After I ceased being Leader of the Opposition—I have to say, with respect, to the right hon. and learned Gentleman the current Leader of the Opposition that no matter how much he is enjoying it now, it really is not what it is cracked up to be—[Laughter.] I have to tell him that. [Interruption.] That is what I thought, too. I had to go and speak at an event for David, and he patted me on the shoulder and said, “Are you going all right?” I said, “Yes, fine,” and he got up and introduced me by saying, “I’m so pleased to have Iain Duncan Smith here; he has just slid down the greasy pole”—and then he carried on. [Laughter.] He did tell me directly afterwards that he had retired finally from a long time in government and thought that he would have more influence elsewhere; actually he spent a very short time in government, but that did not bother him in the slightest.

On a more serious note, I want to say that David has shown us the way—the way of co-operation. Most Members in this place know that we get things done by co-operating across the Floor. Little is talked about that, Mr Speaker, as you know, but it is the embodiment of who we are in this place. We cannot get stuff done by ourselves, so we form alliances. Whether it is on modern-day slavery or, in my case, gambling harms, we go on, we form alliances and we eventually move things and get them done. David was the architect of that. There was not an alliance that he could not form; even if there was not an issue on which he could form it, he would form it. [Laughter.]

My point is that this is who we are. We are often, as Jo Cox said, more united by the things we believe in than necessarily divided. The fact is that we are in this place because we argue with each other about our ideas. The important feature of this place is that we may disagree with arguments, but we do not disrespect the motives of those who hold them.

This is a lesson to us that we need to be careful here what we legitimise in what we say about our colleagues. They are not evil people. Nobody in this Chamber is an evil individual. They have strong beliefs. I was struck when the media had finished talking about David and then said, “And he was a man with very strongly held beliefs,” as though that was an aside that they wanted to bury. We come here because we have strong beliefs, and we should be proud of that. We argue with each other because we are the point where people can see us debate these things, have power of emotion and be angry about them—this place is a cockpit of that—so that they do not have to do it outside, violently, elsewhere. I believe the point that David was making was that we need publicly to show each other the respect that those ideas are greatly held.

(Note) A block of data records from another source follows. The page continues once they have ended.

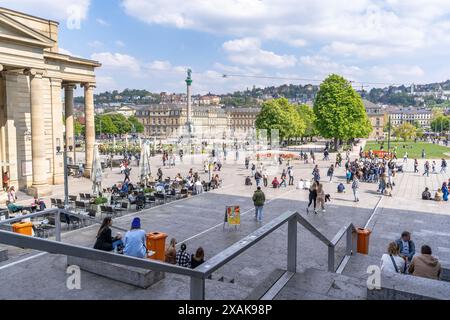 Europa, Deutschland, Baden-Württemberg, Stuttgart, Schlossplatz, Blick über die Treppe am Cube auf den Schlossplatz und das neue Schloss Stockfoto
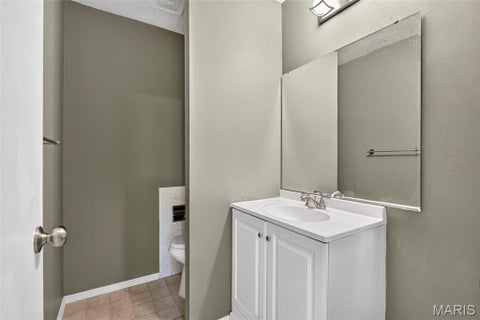 Tiny photo for 1511 Hampton Hall Drive #18, Chesterfield, MO 63017 (MLS # 26056158)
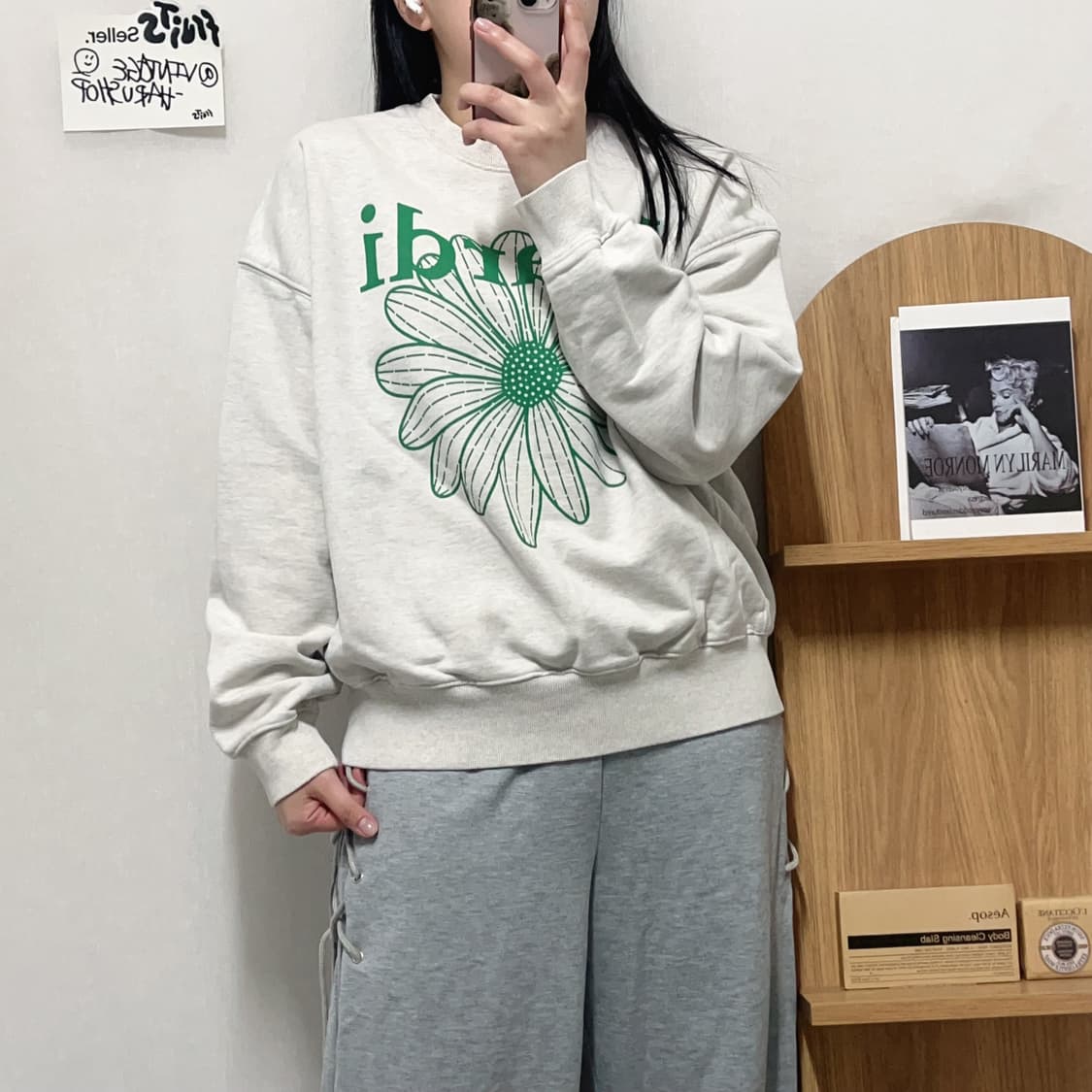 [정품] 마르디메크르디 오트밀 그린로고 맨투맨 [ 실확 ] 상품이미지3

We respect each other, but we do not dislike or hate each other. That is not for us, and it is not for that that he lost his life.

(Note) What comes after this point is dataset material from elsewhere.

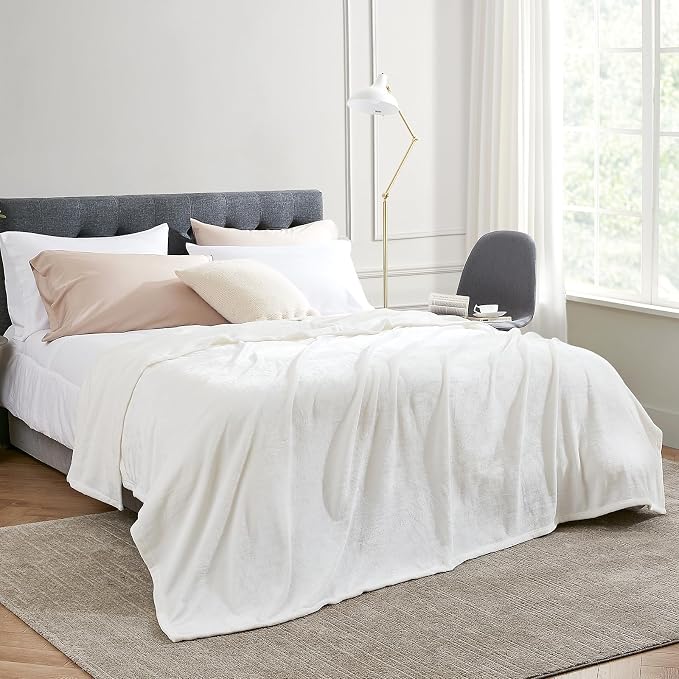Hansleep Queen White Fleece Blanket, Soft Flannel Bed Blanket | Fuzzy Cozy Blanket 90x90 Inches, Multi-use for Bed, Sofa, Couch, Travel, Camping, All Season Warm Lightweight Cover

I have been told that today, a document came through the door of my constituency office. The front page was all about David, and on it was written, “Like you. You bastard.” In fact, I did think he might have done it, because it was spelled “Barsted”. Even in that threat, I think there is a sense of irony.

In conclusion, let me say that for David’s family, this is a tragedy, which this deranged, hateful and violent individual has brought to them, unwarranted and without cause. David taught us something very important that they can remember. He believed not in the power of position, but in the power of purpose. Mr Speaker,

“They told me, Heraclitus, they told me you were dead,

They brought me bitter news to hear and bitter tears to shed.

I wept as I remember’d how often you and I

Had tired the sun with talking and sent him down the sky.

And now that thou art lying, my dear old Carian guest,

A handful of grey ashes, long, long ago at rest,

Still are thy pleasant voices, thy nightingales, awake”—

that is the important thing, Mr Speaker: he will be with us forever.